▶ **Instructions for the task**:
For the material below, output exactly the span from the line with "for iPhone 17" to the line with "Design senza soluzione", including both, and nothing besides.

▶ **Provided data**:
○ ○ ○ ○

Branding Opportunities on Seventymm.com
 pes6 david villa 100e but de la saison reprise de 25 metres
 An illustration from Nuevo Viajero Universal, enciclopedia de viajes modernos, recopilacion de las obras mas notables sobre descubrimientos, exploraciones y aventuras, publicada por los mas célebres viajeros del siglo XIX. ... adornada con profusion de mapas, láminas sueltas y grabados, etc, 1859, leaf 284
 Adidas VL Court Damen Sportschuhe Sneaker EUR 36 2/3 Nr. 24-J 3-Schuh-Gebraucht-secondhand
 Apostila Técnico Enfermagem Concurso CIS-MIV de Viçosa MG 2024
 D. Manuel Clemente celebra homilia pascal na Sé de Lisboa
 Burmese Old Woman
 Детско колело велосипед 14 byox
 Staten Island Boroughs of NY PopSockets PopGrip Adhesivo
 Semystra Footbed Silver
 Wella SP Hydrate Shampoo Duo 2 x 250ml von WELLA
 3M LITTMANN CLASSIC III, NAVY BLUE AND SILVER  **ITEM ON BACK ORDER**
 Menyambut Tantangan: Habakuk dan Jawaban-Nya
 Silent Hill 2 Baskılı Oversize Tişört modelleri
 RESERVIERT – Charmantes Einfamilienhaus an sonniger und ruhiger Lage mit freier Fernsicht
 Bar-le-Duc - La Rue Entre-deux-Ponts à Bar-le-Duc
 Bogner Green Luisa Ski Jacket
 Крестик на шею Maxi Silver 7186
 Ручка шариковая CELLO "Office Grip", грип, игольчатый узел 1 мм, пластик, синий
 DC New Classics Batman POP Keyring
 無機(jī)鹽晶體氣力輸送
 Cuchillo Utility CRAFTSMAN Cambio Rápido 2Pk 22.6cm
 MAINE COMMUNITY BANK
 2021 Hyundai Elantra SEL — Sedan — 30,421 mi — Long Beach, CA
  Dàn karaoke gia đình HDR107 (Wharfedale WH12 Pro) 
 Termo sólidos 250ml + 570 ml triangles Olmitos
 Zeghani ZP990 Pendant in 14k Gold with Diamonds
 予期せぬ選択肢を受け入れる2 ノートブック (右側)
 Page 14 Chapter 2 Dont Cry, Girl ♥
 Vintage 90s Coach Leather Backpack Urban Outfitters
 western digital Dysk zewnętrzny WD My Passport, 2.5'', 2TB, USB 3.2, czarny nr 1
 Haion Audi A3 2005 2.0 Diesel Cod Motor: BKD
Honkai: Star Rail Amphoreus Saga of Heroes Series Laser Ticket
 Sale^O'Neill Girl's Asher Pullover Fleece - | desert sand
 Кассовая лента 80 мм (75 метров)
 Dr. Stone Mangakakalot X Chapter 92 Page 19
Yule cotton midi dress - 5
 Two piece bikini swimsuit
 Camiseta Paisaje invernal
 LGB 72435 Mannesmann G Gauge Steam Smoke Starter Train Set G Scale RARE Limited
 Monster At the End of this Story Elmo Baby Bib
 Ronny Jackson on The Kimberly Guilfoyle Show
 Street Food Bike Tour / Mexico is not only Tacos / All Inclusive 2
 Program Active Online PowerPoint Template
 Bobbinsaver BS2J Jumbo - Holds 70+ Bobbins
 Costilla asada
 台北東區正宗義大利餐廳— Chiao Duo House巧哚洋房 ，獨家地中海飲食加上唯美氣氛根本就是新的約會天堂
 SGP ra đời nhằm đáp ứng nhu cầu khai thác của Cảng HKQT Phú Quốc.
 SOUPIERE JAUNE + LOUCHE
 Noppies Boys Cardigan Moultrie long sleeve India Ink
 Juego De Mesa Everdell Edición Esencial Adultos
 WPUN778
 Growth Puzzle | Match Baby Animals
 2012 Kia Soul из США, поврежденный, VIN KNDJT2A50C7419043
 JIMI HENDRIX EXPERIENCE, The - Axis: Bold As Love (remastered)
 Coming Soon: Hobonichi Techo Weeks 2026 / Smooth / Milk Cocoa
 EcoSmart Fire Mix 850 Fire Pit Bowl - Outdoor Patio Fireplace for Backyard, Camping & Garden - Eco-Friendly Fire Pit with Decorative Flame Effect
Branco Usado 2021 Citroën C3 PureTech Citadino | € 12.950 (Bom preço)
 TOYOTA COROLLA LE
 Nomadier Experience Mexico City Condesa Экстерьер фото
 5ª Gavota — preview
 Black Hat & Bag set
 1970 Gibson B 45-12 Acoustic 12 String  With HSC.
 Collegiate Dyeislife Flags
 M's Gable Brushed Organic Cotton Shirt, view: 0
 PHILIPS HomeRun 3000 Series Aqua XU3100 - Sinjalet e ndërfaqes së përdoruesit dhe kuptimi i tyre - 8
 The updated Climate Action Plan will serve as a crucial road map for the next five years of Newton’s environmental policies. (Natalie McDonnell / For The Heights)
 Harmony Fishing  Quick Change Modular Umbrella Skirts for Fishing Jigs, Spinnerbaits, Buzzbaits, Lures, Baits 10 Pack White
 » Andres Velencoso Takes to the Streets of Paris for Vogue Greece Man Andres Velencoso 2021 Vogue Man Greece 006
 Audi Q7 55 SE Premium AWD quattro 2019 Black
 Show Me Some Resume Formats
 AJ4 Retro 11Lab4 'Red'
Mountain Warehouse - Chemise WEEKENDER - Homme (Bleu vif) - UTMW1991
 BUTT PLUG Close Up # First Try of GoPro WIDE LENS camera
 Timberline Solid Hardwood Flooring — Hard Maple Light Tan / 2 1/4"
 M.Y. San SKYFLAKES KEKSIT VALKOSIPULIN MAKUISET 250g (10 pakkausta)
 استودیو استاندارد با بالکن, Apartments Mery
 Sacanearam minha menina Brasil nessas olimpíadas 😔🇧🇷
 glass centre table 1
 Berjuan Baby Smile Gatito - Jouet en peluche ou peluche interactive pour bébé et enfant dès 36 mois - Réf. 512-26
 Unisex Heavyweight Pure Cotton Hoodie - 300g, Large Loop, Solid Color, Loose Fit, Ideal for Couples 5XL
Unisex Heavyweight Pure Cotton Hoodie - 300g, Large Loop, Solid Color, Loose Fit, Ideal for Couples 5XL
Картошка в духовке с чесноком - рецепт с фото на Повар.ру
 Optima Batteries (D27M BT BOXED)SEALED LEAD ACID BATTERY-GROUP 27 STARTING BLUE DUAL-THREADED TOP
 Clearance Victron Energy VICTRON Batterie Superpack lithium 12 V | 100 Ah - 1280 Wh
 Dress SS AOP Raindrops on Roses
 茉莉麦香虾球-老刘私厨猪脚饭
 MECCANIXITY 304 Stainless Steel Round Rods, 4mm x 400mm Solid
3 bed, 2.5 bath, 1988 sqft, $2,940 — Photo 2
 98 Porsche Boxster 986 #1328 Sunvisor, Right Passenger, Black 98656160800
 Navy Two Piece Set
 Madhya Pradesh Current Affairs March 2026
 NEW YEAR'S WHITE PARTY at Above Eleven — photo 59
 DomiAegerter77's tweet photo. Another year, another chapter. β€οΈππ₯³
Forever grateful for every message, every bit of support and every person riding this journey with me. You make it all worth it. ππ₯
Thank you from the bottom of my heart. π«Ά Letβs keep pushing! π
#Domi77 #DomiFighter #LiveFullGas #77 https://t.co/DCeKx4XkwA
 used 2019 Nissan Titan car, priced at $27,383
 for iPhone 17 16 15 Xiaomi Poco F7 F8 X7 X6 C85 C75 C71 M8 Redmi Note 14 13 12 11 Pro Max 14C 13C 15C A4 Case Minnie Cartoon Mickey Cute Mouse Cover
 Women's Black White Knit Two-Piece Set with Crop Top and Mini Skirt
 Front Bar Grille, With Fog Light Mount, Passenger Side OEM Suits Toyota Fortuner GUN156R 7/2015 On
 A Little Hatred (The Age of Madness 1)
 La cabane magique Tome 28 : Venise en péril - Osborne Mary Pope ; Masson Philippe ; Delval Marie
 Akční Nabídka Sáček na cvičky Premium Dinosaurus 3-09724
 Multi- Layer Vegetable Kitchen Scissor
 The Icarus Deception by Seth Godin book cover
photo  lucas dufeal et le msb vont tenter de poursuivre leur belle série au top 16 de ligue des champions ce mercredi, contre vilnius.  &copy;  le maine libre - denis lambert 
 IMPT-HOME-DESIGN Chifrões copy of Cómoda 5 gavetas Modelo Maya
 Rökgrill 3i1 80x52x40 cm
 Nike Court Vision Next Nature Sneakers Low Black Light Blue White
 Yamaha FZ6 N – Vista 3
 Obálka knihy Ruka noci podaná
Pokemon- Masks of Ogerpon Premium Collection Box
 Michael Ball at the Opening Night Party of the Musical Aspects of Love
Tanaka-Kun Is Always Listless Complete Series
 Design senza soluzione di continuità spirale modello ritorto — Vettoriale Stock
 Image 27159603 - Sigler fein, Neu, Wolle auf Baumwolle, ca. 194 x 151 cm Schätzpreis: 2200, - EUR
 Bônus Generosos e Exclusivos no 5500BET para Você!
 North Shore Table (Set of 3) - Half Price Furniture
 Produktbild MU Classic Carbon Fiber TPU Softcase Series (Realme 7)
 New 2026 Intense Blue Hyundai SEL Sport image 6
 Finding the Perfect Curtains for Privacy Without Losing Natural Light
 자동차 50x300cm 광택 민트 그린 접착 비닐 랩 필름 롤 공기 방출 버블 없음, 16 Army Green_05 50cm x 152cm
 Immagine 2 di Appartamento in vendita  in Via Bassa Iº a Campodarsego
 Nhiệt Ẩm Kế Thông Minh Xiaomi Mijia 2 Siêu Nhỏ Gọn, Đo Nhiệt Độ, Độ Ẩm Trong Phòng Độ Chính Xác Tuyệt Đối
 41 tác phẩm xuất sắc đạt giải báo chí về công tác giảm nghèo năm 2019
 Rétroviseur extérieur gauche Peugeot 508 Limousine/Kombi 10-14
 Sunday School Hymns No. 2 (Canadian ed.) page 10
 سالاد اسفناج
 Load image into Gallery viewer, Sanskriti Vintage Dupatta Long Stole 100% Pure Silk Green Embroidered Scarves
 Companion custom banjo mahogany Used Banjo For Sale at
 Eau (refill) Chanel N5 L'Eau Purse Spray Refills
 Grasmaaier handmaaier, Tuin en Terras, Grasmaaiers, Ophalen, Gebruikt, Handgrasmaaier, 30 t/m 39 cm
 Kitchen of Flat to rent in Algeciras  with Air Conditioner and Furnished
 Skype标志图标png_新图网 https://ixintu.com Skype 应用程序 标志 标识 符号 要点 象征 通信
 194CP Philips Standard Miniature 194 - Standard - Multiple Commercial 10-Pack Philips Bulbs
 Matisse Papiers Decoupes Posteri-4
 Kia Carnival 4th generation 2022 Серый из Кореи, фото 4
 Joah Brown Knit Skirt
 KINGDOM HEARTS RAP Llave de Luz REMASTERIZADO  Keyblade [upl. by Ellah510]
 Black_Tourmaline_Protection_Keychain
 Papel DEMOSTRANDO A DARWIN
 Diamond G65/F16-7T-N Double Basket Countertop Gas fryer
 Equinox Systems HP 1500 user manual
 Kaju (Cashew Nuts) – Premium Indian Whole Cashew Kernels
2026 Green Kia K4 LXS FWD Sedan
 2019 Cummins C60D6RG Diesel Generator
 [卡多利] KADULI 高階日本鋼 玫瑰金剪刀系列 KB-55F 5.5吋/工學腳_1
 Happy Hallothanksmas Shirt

○ ○ ○ ○

▶ **Answer to this task**:
 for iPhone 17 16 15 Xiaomi Poco F7 F8 X7 X6 C85 C75 C71 M8 Redmi Note 14 13 12 11 Pro Max 14C 13C 15C A4 Case Minnie Cartoon Mickey Cute Mouse Cover
 Women's Black White Knit Two-Piece Set with Crop Top and Mini Skirt
 Front Bar Grille, With Fog Light Mount, Passenger Side OEM Suits Toyota Fortuner GUN156R 7/2015 On
 A Little Hatred (The Age of Madness 1)
 La cabane magique Tome 28 : Venise en péril - Osborne Mary Pope ; Masson Philippe ; Delval Marie
 Akční Nabídka Sáček na cvičky Premium Dinosaurus 3-09724
 Multi- Layer Vegetable Kitchen Scissor
 The Icarus Deception by Seth Godin book cover
photo  lucas dufeal et le msb vont tenter de poursuivre leur belle série au top 16 de ligue des champions ce mercredi, contre vilnius.  &copy;  le maine libre - denis lambert 
 IMPT-HOME-DESIGN Chifrões copy of Cómoda 5 gavetas Modelo Maya
 Rökgrill 3i1 80x52x40 cm
 Nike Court Vision Next Nature Sneakers Low Black Light Blue White
 Yamaha FZ6 N – Vista 3
 Obálka knihy Ruka noci podaná
Pokemon- Masks of Ogerpon Premium Collection Box
 Michael Ball at the Opening Night Party of the Musical Aspects of Love
Tanaka-Kun Is Always Listless Complete Series
 Design senza soluzione di continuità spirale modello ritorto — Vettoriale Stock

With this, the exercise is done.